Online Services, Retirement

Make Your Future a Good One with the Retirement Estimator

December 7, 2015 • By

photograph of a couple looking at the blueprint of a house, planning for their future.If the alternate 2015 of the Back to the Future film series were accurate, we’d be easing along on hover boards, navigating skyways in flying cars, and enjoying the luxuries of self-lacing sneakers and self-fitting jackets.

In 1985, after making it back to the future from 1955, Marty joined Doc for a drive 30 years into the future. That future is now.

In that imagined 2015, we conduct business by fax and watch multiple channels of entertainment on the wall.

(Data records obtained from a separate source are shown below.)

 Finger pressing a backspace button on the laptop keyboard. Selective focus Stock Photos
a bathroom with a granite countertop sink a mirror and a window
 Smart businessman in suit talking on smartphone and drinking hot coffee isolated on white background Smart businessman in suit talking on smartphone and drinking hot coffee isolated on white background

In some ways, the real 2015 is far more advanced than the imagined one of the movies. You don’t see any computers or online services in the movie — let alone the computers most of us carry around with us in the form of smartphones and tablets.

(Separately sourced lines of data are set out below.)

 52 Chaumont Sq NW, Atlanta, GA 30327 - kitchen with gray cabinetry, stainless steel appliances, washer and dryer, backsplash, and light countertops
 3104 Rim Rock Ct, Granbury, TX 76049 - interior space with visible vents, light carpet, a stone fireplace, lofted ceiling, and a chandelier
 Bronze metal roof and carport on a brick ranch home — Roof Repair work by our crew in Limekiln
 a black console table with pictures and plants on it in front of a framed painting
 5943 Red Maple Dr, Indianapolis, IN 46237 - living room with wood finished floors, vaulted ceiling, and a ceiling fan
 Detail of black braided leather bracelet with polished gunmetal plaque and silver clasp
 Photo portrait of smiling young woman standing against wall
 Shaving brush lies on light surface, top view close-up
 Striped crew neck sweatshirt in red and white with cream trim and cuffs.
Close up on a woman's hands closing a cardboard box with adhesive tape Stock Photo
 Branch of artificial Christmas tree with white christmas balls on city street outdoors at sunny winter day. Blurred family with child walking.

In the real 2015, you can do a far better job of predicting your own future. Just visit the Retirement Estimator. With the Retirement Estimator, you can plug in some basic information to get an instant, personalized estimate of your future benefits. Different choices in life can alter the course of your future, so try out different scenarios such as higher and lower future earnings amounts and various retirement dates to get a good prediction of how it can change your future benefit amounts.

As Doc said in the final moments of the film series, no one’s future has been written yet. “Your future is what you make it. So make it a good one.”

With the information you get from the Retirement Estimator, you’ll have a better idea of what types of savings and pensions you may need, and at what age you should consider retiring — to make your future the best it can be.

You don’t need a converted DeLorean or flux capacitor or even a team of creative filmmakers to predict your future. Just visit the Retirement Estimator and predict your own!

And, when you’re ready to put that future in motion, apply for benefits online.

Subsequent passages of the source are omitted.